─── TASK INPUTS ───

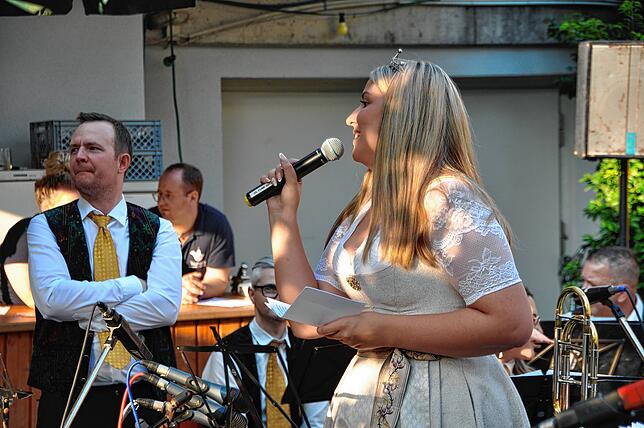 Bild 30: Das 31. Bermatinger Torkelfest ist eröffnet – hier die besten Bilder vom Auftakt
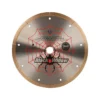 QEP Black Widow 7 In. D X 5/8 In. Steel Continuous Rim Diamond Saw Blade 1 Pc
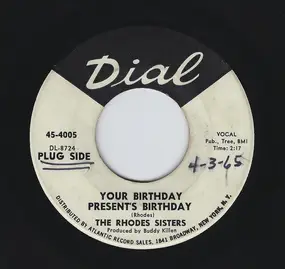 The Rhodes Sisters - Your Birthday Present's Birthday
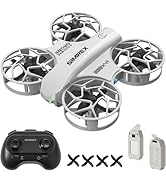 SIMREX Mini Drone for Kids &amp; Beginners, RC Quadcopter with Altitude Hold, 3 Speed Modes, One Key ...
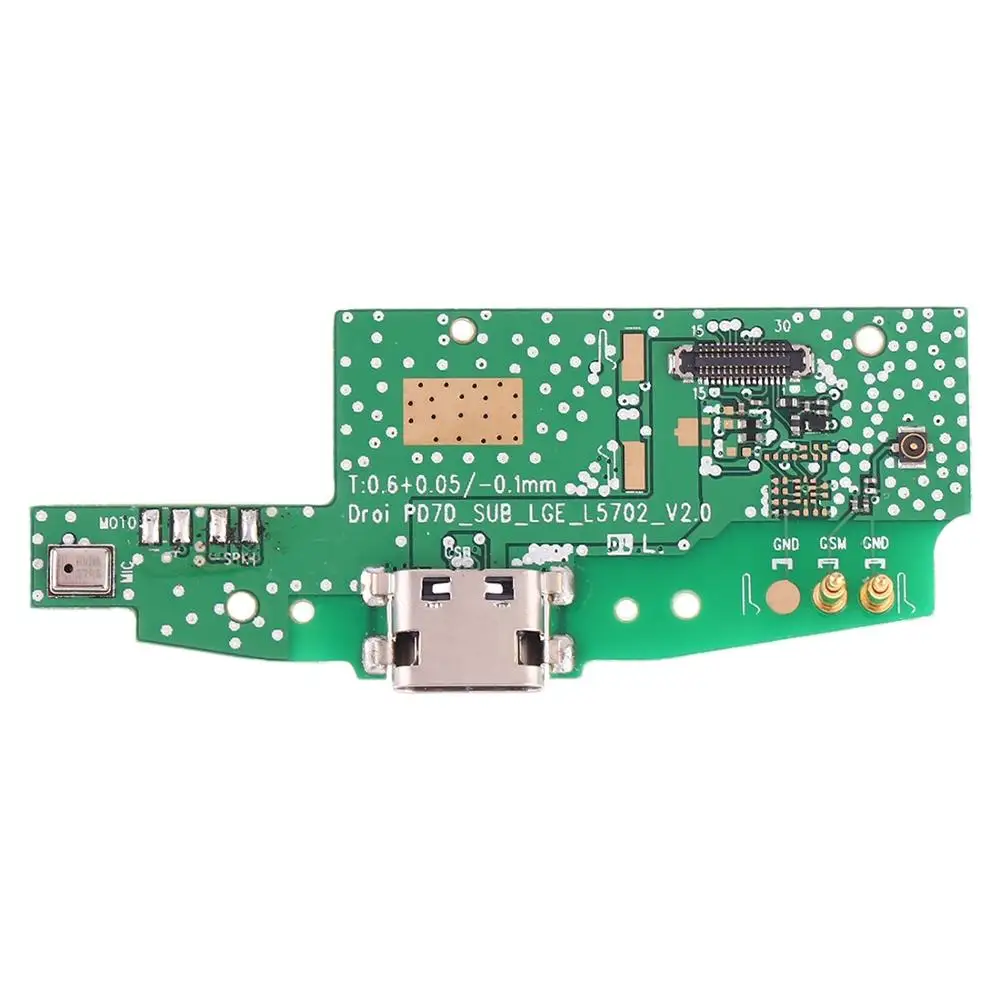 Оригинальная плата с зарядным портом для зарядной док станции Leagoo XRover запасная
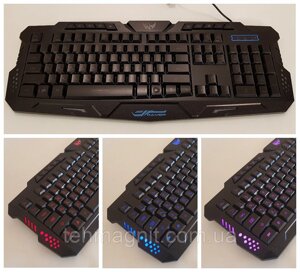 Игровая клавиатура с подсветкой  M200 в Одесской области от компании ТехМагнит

───
─── TASK INPUTS ───

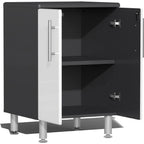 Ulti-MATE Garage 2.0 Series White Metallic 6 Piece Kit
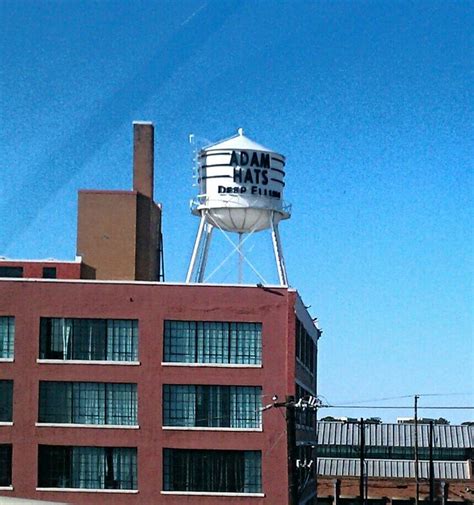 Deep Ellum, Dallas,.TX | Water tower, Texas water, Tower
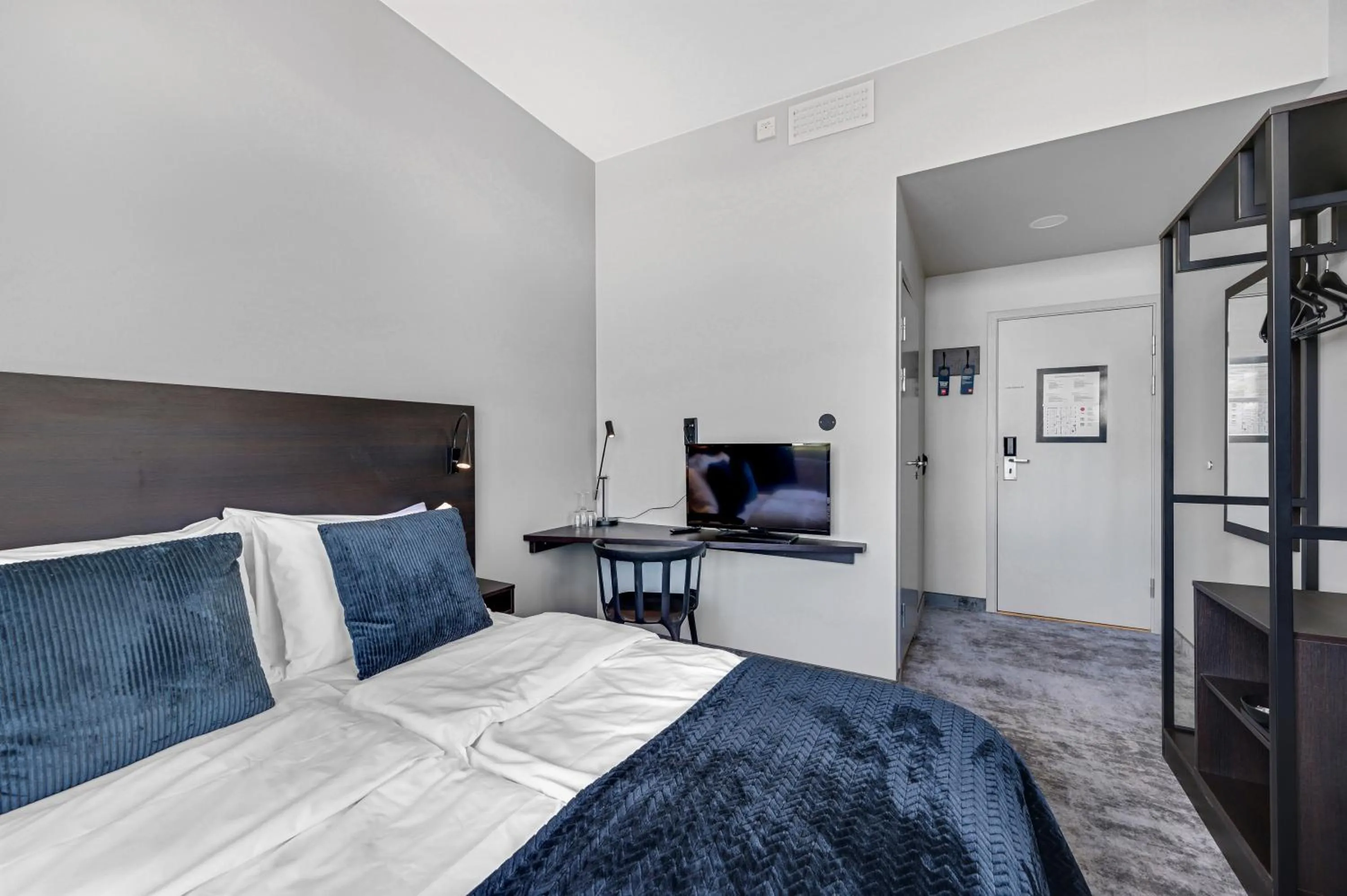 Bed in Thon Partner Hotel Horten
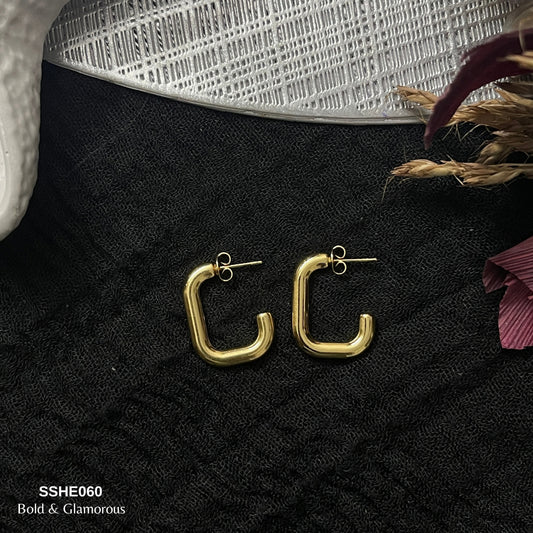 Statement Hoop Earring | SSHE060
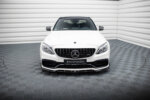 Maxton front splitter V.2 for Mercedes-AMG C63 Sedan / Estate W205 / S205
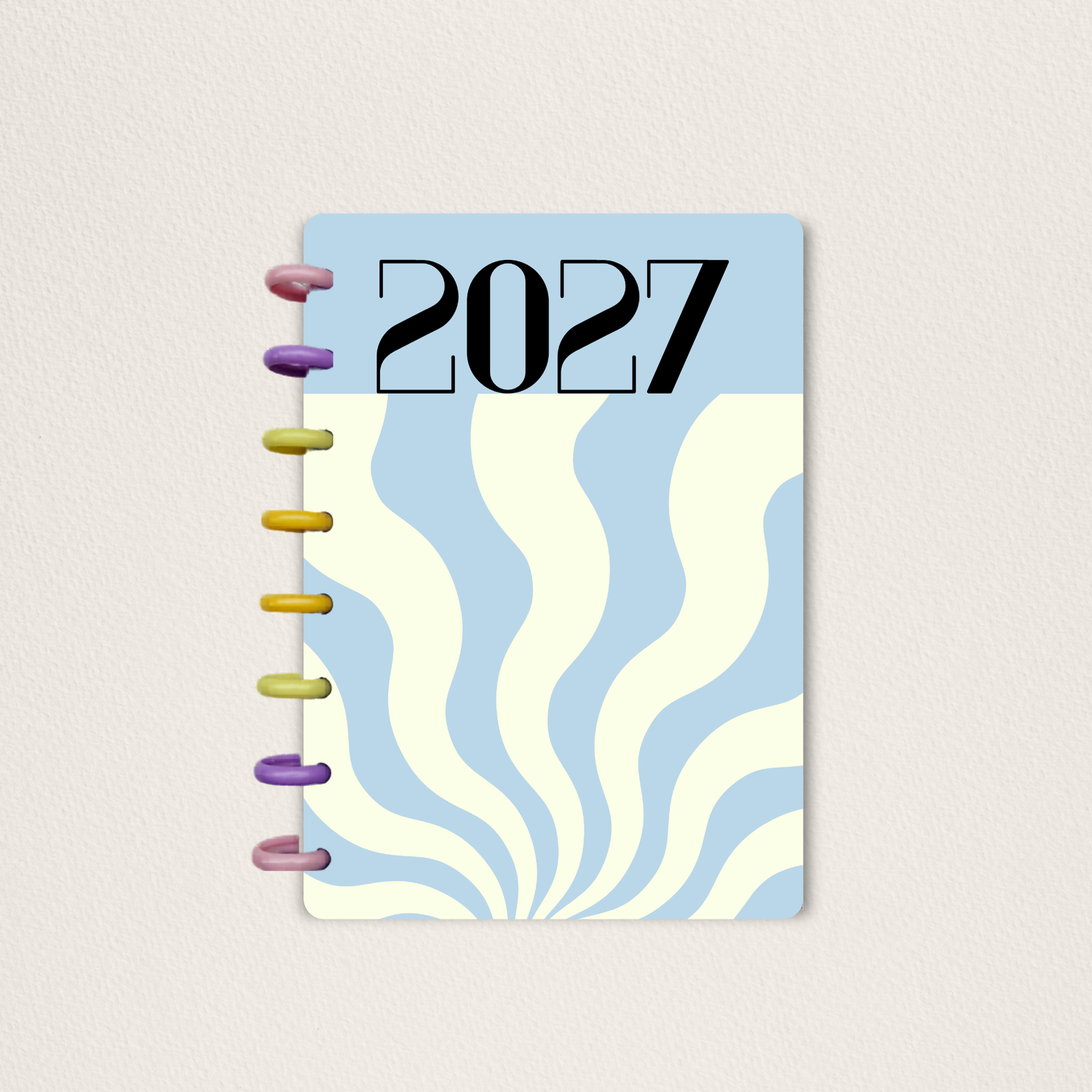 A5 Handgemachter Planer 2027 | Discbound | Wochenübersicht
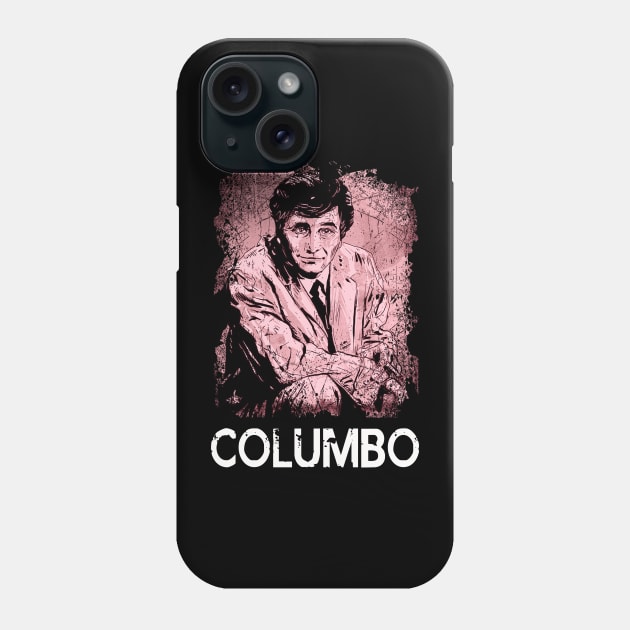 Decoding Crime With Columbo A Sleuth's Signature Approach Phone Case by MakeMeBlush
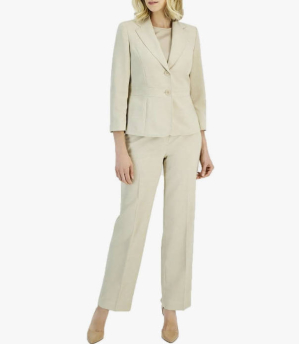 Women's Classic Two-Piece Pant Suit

───
─── TASK INPUTS ───

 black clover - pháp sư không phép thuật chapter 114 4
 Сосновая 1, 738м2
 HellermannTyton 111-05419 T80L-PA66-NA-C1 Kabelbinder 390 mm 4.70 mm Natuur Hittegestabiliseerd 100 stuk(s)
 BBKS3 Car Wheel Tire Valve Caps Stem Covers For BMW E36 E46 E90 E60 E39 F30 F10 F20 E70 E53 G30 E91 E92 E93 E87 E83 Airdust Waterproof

───

**EXERCISE REQUIREMENTS:**
Your reply should consist solely of the lines above from the line containing "Maxton front splitter" up to and including the line containing "Women's Classic Two-Piece Pant Suit", reproduced exactly, minus the pictures.

**RESULT BELOW:**
 Maxton front splitter V.2 for Mercedes-AMG C63 Sedan / Estate W205 / S205
 A5 Handgemachter Planer 2027 | Discbound | Wochenübersicht
 Decoding Crime With Columbo A Sleuth's Signature Approach Phone Case by MakeMeBlush
 Women's Classic Two-Piece Pant Suit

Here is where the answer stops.